A further issue is the totals of the three mean rankings in each row for each participant "race" do not always add up to 6.0. For example, the reported rounded Oriental rankings of Intelligence sum to 5.92, and even if these numbers had been rounded down from a mean that was 0.005 larger than the reported values in the table (i.e., 2.865, 1.985, and 1.085), the rounded row total would have been only 5.94. A similar problem affects the majority of the rows for Oriental rankings.

Of course, it is possible that either of these issues (i.e., the GRIM inconsistencies and the existence of total rankings below 6.00) could have been caused by missing values, although (a) Rushton did not report anything about completion rates and (b) some of the rankings could perhaps have been imputed very accurately (e.g., if 1 and 2 were filled in, the remaining value would be 3). It is, however, more difficult to explain how the total mean rankings by White participants for "Anxiety" and "Rule-following" came to have means of 6.03 and 6.02, respectively. Even if we assume that the component numbers in each case had been rounded up from a mean that was 0.005 smaller than the reported values in the table (e.g., for "Anxiety", these would be 2.145, 1.995, and 1.875), the rounded values for the row totals would be 6.02 for "Anxiety" and 6.01 for "Rule-following".

Another thing, pointed out by James Heathers, is that Rushton claimed (p. 441) that "No differences were found on the Speed of Physical Maturation or the Speed of Sexual Maturation composites"; and indeed there are no significance stars next to these two variables in Table 1. But these groups are in fact substantially different; the reported means and SDs imply t statistics of 5.1 (p < .001, 3 significance stars) and 2.8 (p < .01, 2 significance stars), respectively.

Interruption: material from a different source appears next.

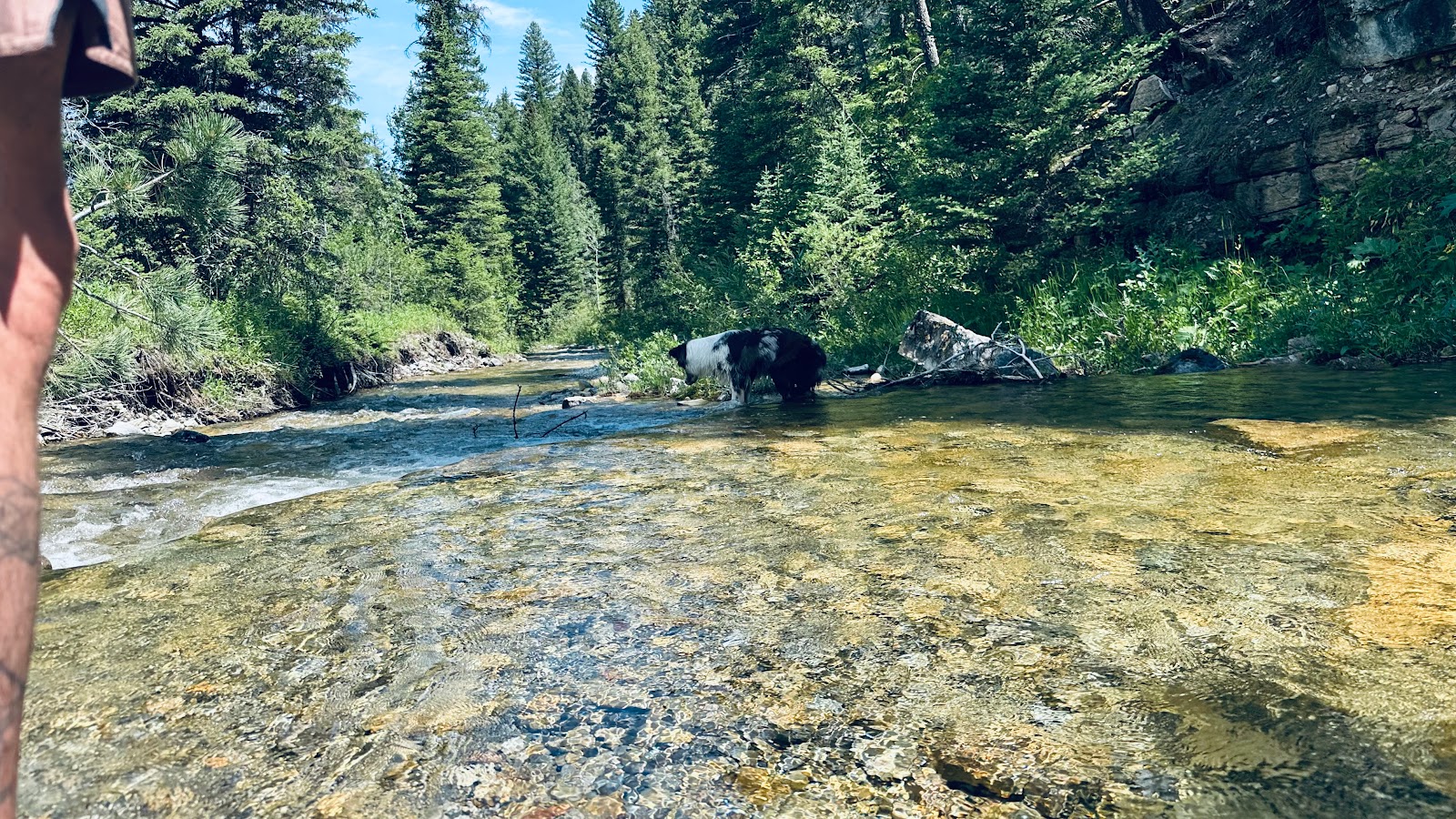 Kings Hill Campground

Finally, let's take a look at final-digit distribution of Rushton's numbers. I took the last digits of all of the means and SDs in Table 1, and all of the means in Table 2, and obtained this histogram:

Does this tell us anything? Well, we might expect the last digits of random variables to be uniformly distributed, although there could also be a small "Benford's Law" effect, particularly with the means and SDs that only have two significant figures, causing the distribution to be a little more right-skewed (i.e., with more smaller digits). We certainly don't have any reason to expect a substantially larger number of 4s, 5s, and 8s. The chi-square test here has a value of 15.907 on 9 degrees of freedom, for a p value of .069 (which might be a little lower if our expected distribution was a little heavier on the smaller numbers). Not the sort of thing you can take to the ORI on its own and demand action for, perhaps, but those peaks do look a little worrying.

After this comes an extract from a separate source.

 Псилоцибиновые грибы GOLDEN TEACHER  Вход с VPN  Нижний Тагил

The bottom line here is that if Dr. Rushton were alive today, I would probably be writing to him to ask for a close look at his data set.

(*) The Excel sheet and (ultra-minimal) R code for this post can be found here.

[Update 2019-07-31 08:23 UTC: Added discussion of the missing significance stars in Table 1.]

1 comment:

  1. The long Methods segment you quote has other weird entries too. Maximum orgasms per 24 hour period? Average orgasms per week? Age of first petting? Age of pubic hair growth? Does anyone think asking a bunch of undergraduates these questions would produce signal-containing data? And no, combining a bunch of garbage variables into a composite garbage scale probably won't help!